But to fulfill this promise, organizations need qualified professionals with the skills to extract meaning from the mountains of data — and these elusive data scientists are in short supply.
The “Three Vs” of Big Data
In 2001, industry analyst Doug Laney defined the “Three Vs” of big data:
- Volume: The unprecedented explosion of data means that the digital universe will reach 180 zettabytes(180 followed by 21 zeroes) by 2025. Today, the challenge with data volume is not so much storage as it is how to identify relevant data within gigantic data sets and make good use of it.
- Velocity: Data is generated at an ever-accelerating pace. Every minute, Google receives 3.8 million search queries. Email users send 156 million messages. Facebook users upload 243,000 photos. The challenge for data scientists is to find ways to collect, process, and make use of huge amounts of data as it comes in.
- Variety: Data comes in different forms.

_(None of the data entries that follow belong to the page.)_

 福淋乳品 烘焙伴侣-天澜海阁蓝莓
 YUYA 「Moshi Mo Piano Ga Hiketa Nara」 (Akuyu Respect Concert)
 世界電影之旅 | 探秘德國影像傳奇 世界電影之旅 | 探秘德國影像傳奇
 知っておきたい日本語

Structured data is that which can be organized neatly within the columns of a database. This type of data is relatively easy to enter, store, query, and analyze. Unstructured data is more difficult to sort and extract value from. Examples of unstructured data include emails, social media posts, word-processing documents; audio, video and photo files; web pages, and more.
Beyond the Big Three Vs
More recently, big-data practitioners and thought leaders have proposed additional Vs:
- Veracity: This refers to the quality of the collected data. If source data is not correct, analyses will be worthless. As the world moves toward automated decision-making, where computers make choices instead of humans, it becomes imperative that organizations be able to trust the quality of the data.
- Variability: Data’s meaning is constantly changing. For example, language processing by computers is exceedingly difficult because words often have several meanings. Data scientists must account for this variability by creating sophisticated programs that understand context and meaning.

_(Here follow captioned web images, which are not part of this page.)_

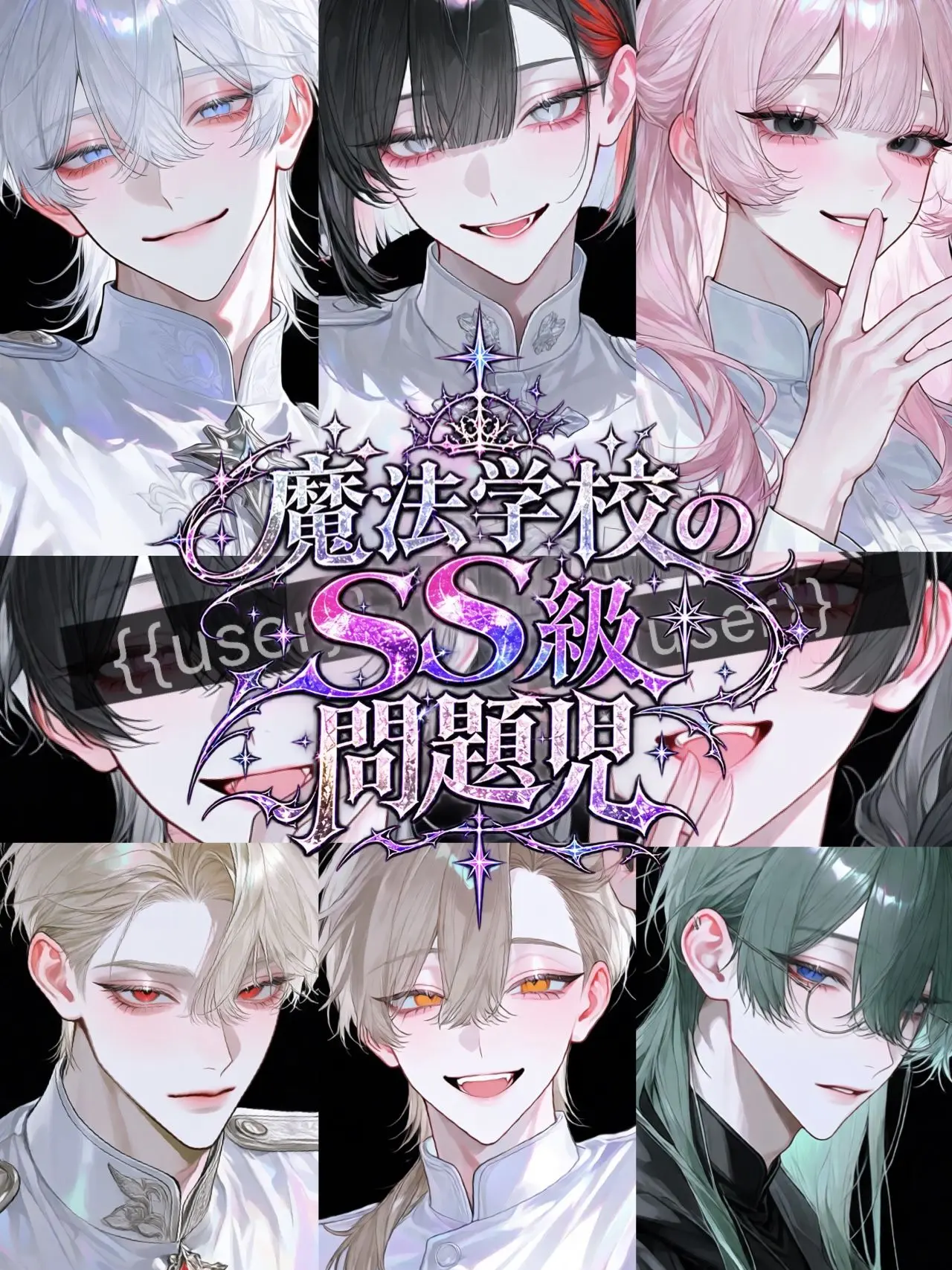 milkywhite의 魔法学校のSS級問題児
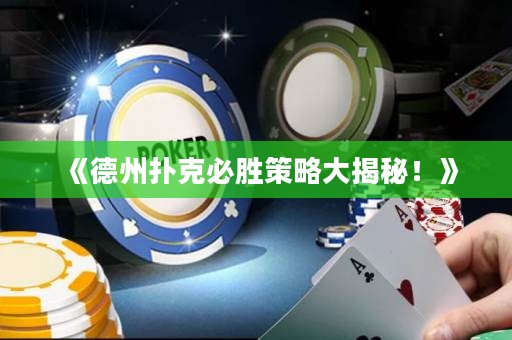 《德州扑克必胜策略大揭秘！》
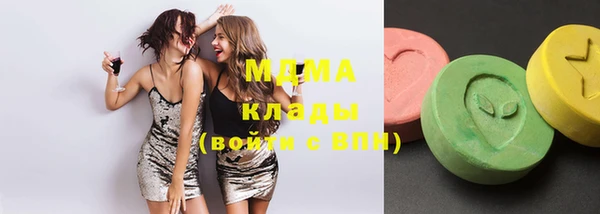 марихуана Алзамай
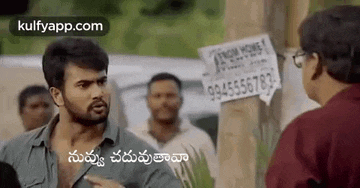 Nuvvu Chadhuvuthaavaa.Gif GIF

- Visualization: Data must be understandable to nontechnical stakeholders and decision makers. Visualization is the creation of complex graphs that tell the data scientist’s story, transforming the data into information, information into insight, insight into knowledge, and knowledge into the advantage.
- Value: How can organizations make use of big data to improve decision-making? A McKinsey article about the potential impact of big data on health care in the U.S. suggested that big-data initiatives “could account for $300 billion to $450 billion in reduced health-care spending, or 12 to 17 percent of the $2.6 trillion baseline in US health-care costs.” The secrets hidden within big data can be a goldmine of opportunity and savings.
Bringing It All Together
No matter how many Vs you prefer in your big data, one thing is sure: Big data is here, and it’s only getting bigger. Every organization needs to understand what big data means to them and what it can help them do. The possibilities really are endless.